Methodology

How the MLB expected runs model works — data, features, modeling, and evaluation

Project Overview
End-to-end ML system for probabilistic run prediction and model evaluation against efficient markets

This project builds a machine learning pipeline that predicts expected runs per team per MLB game and evaluates those predictions against sportsbook-implied probabilities. Sports betting markets are used as a calibration benchmark, not as a gambling application. Sharp market participants push lines to near-true probabilities quickly, making them a higher-quality probability signal than most independently constructed models.

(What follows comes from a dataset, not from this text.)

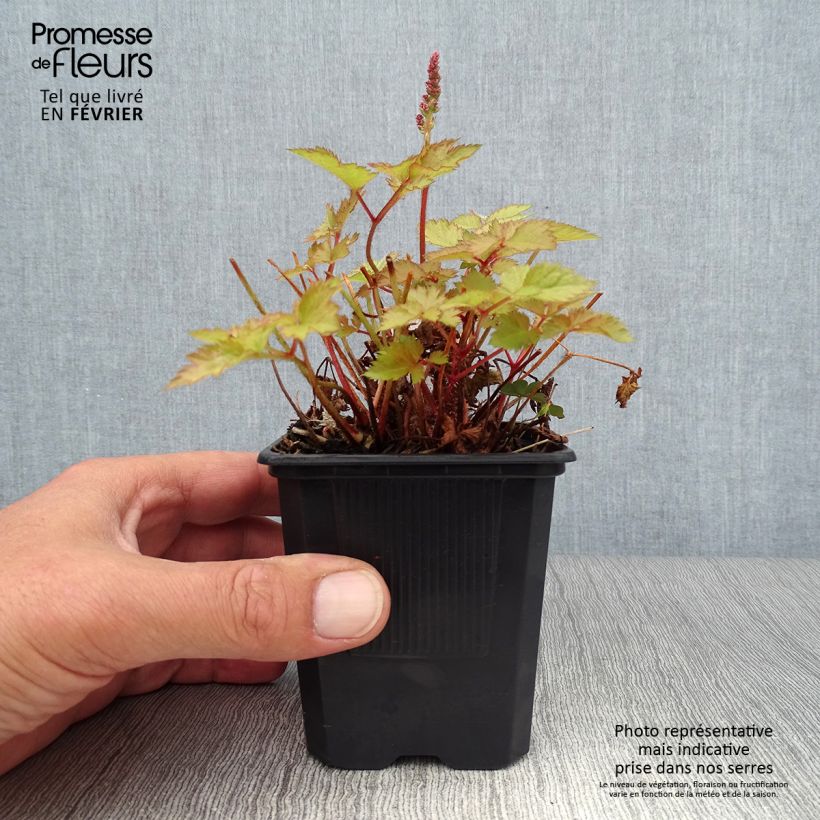 Exemplar von Astilbe arendsii Color Flash Lime - Prachtspiere Kleine Töpfe von 8/9 cm wie im Herbst geliefert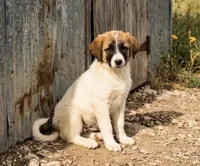 Daisy, a female Anatolian Shepherd Dog and Great Pyrenees for sale in Fort Worth, TX – 1 of 1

The metrics here are drawn from quantitative finance and decision theory: expected value, Kelly criterion, and probability calibration. Kelly criterion is a portfolio optimization formula from information theory. Expected value is standard in rational decision-making under uncertainty. Probability calibration is a core model evaluation technique. The domain is baseball; the methods are from applied statistics and quantitative analysis.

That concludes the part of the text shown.